The next EU long-term budget, to run from 2021 to 2027, will dedicate 2 out of 6 headings1 to security, military, migration and border management issues. Together those 2 headings would benefit from the largest budget increase compared to other policies: respectively 180% and 260% rises for security and for migration & border management, and an astonishing 2200% jump for the European Defence Fund from €0.59 to €13 billion. In 2027, the EU will have spent more for military research than for humanitarian aid…
“The next long-term budget confirms the EU paradigm shift towards hard security and military answers to complex problems, as well as the over-influence of the military-industrial complex on EU policy developments: the same companies that are advising the EU will then be the main beneficiaries of this funding” says Laetitia Sédou, EU Programme Officer for ENAAT.
The European Defence Fund will focus in particular on unmanned military technology like armed drones, and could also support the development of fully autonomous weapons, including lethal ones (killer robots):
The French and German governments want the European military drone MALE to be further developed under the Defence Fund. The Preparatory Action for Defence Research1 dedicates a third of its budget to unmanned systems for maritime surveillance. And EU Member States rejected any binding limitation to the development of fully autonomous weapons in the European Defence Industrial Development Programme2.
Francesco Vignarca, coordinator of the Italian Disarmament Network, alerts: “The use of armed drones, and of fully autnomous weapons in the near future, is changing the face of war and challenging international law. It is of particular concern that Europe puts the development of such problematic technology in the hands of a military industry which has profit as its ultimate goal.”
Another main objective of the European Defence Fund is to boost the global competitiveness of the military industry. And given that national markets are already too small to absorb European over-production and provide higher profitability, the arms industry will put an even greater emphasis on exports, including of EU-funded new military technology as a crucial competitive edge.
“Those developments will not lead to peace and security, but will only increase the arms industry profits and exacerbate the global arms race.

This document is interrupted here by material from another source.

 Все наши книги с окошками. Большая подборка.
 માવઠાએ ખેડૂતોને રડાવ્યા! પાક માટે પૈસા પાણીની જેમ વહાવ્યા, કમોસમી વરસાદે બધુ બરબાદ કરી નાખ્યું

Worldwide military spending is on its highest level since the Cold War. It is time that the EU tackles the root causes of conflicts rather than investing in military solutions which have not worked in the past.” added Bram Vranken, researcher for the Belgian organisation Vredesactie.
1The 6 headings are: I. Single Market & Innovation, II. Cohesion & Values, III. Natural Resources & Environment, VI. Migration & Border Management, V. Security & Defence, VI. Neighbourhood & the World, VII. Administration
2The Preparatory Action for Defence Research (PADR, on-going) and the European Defence Industrial programme (EDIDP, to be adopted in the coming weeks) are 2 pilot funding schemes under the current EU budgetary cycle, and constitute the 2 pillars of the European Defence Fund till 2020.